First, let’s use a different word. Researchers often use the term “self-efficacy,” which simply means a person’s belief that they can complete a task, solve a problem, or reach a goal. Sounds a lot like confidence to me. Confidence is not looking in the mirror and liking how those jeans fit. It’s not walking a certain way with swagger (or rizz). Confidence is the quiet voice in your head saying, “You can do this.”
Why Do Lectures Fall Short?
Hey, no one loves a good lecture more than we do, but there’s a fundamental problem with lectures. You can’t practice what you hear. Lectures are great at explaining the concepts of confidence, courage, resilience, and leadership, but your child can’t fully practice courage just by hearing about it or reviewing a curriculum. They need real-world experiences to help reinforce formal learning. It’s one thing to hear it, it’s another to believe it. Teens do not need to be told they are capable forever. At some point, they need proof.
Do Outdoor Adventure Programs Help?
In 2021, a systematic review and meta-analysis (which combines the results of many studies to see what they say as a whole) found that outdoor education programs improved adolescents’ self-efficacy with a medium effect size (Fang, Lu, Gill, Liu, Chyi, Chen). Another analysis found that adventure education programs enhanced young people’s self-efficacy by providing opportunities for them to overcome challenges and achieve goals in demanding environments (A. Ghani, Lau, Lu, Zhou, Wang, 2025). In plain English: well-designed outdoor programs give teens chances to do hard, meaningful things, and that can strengthen their confidence.
Why Does Outdoor Adventure Help Build Confidence?
Outdoor and adventure education programs do this in several ways.
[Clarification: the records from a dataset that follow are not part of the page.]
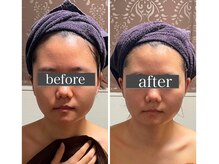 小顔アンドエイジングケア専門店 ビゼ(美sser)/おでこが小さく☆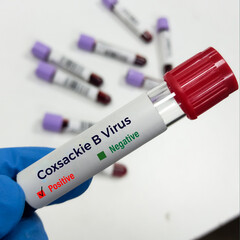 Blood sample for Hand foot and mouth disease (HFMD) test. It is a highly contagious infection. It's...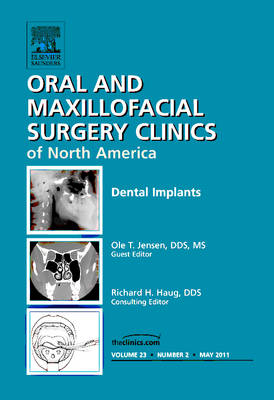 Dental Implants, An Issue of Oral and Maxillofacial Surgery Clinics - Ole Jensen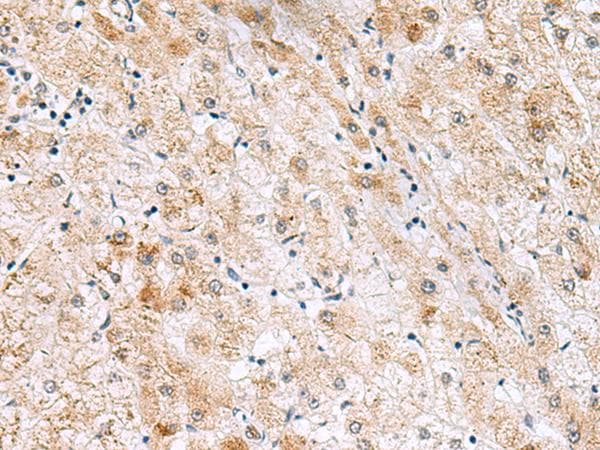 GPC2 / Glypican 2 Antibody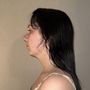 Photo of Zannis Plastic Surgery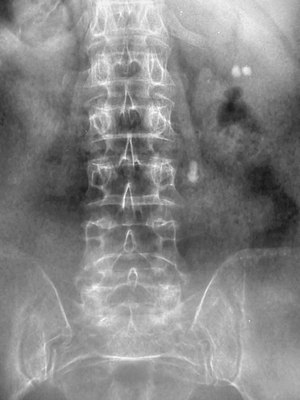 Medical X-rays, kidney and ureter stones.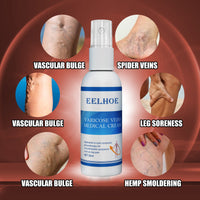 EELHOE Intravenous Massage Spray For Varicose Veins Relief And Earthworm Leg Blood Vessel Bulge Pain Spray
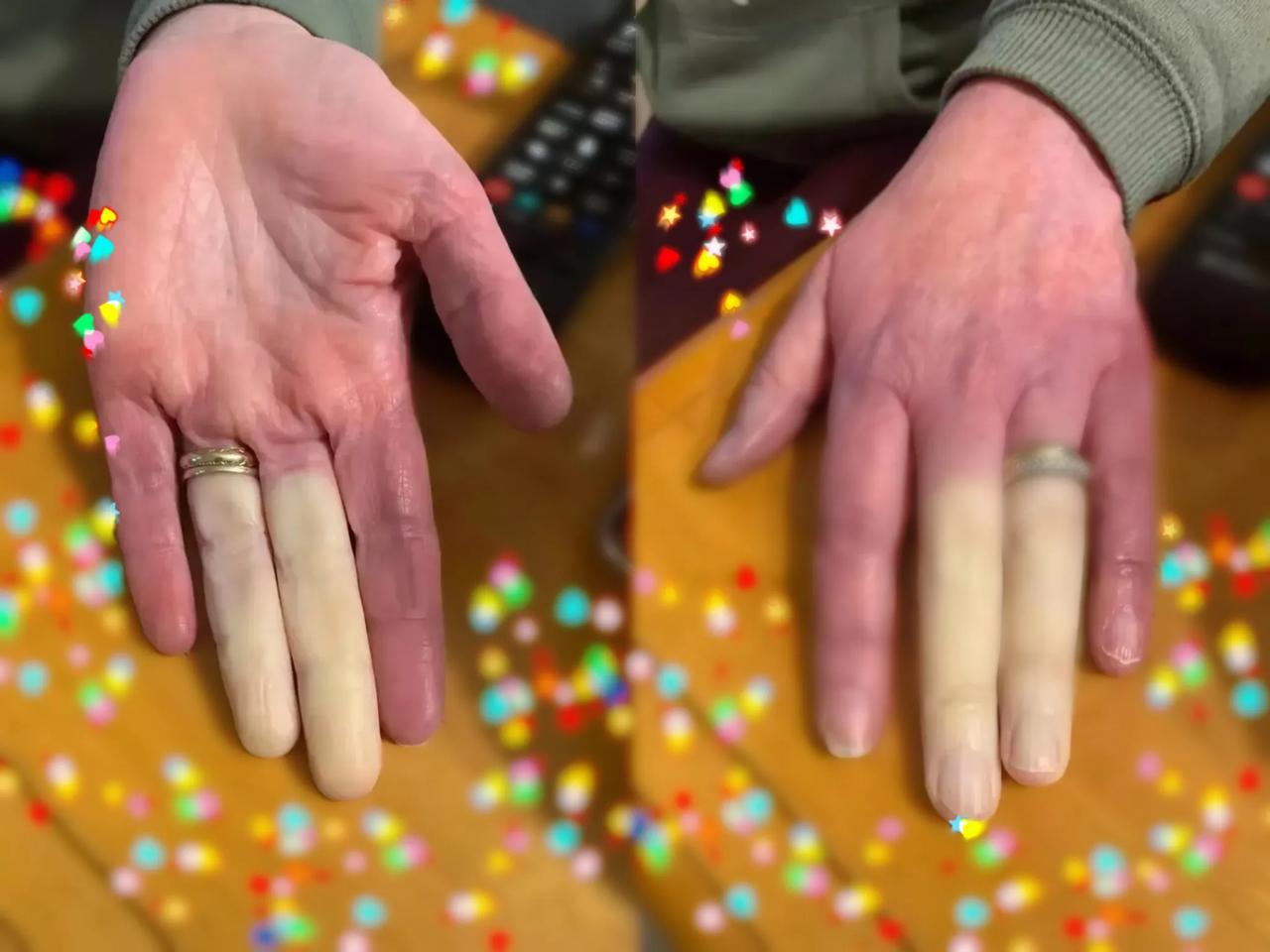 朋友上班的时候不小心睡着了？醒来的时候就已经这样了？他这个手怎么了？朋友说他最近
First, we provide real evidence of their ability to accomplish a goal. Each day on an adventure, groups are hiking, paddling, cooking their meals, serving the community, or something similar. This provides a real opportunity for teens to set goals and accomplish them – often when they may have been worried about their ability to do so. At the end of our Land of the Trembling Earth Adventure, the participants will be able to say that they paddled over 15 miles in slow-moving water. This is something they will always be able to say, “I did that.”
Second, the outdoors gives immediate feedback. You paddle incorrectly; you go the wrong way. You pack the wrong thing, not a super comfortable experience. You don’t listen to instructions and decide to dance in your canoe? The canoe may decide you look better in the water. Outdoors, teens learn hands-on.. They try something, notice what happens, make adjustments, and try again until they succeed. This is a huge confidence booster.
Third, outdoor adventure with a group requires contribution. You have to help paddle, set up camp, carry group supplies, listen, make decisions together, and more. This creates an environment where young people feel like they belong. They feel useful and like they have influence. These are healthy building blocks to foster confidence. Our smaller groups also ensure that all youth feel this – and that they don’t get hidden in the shadows.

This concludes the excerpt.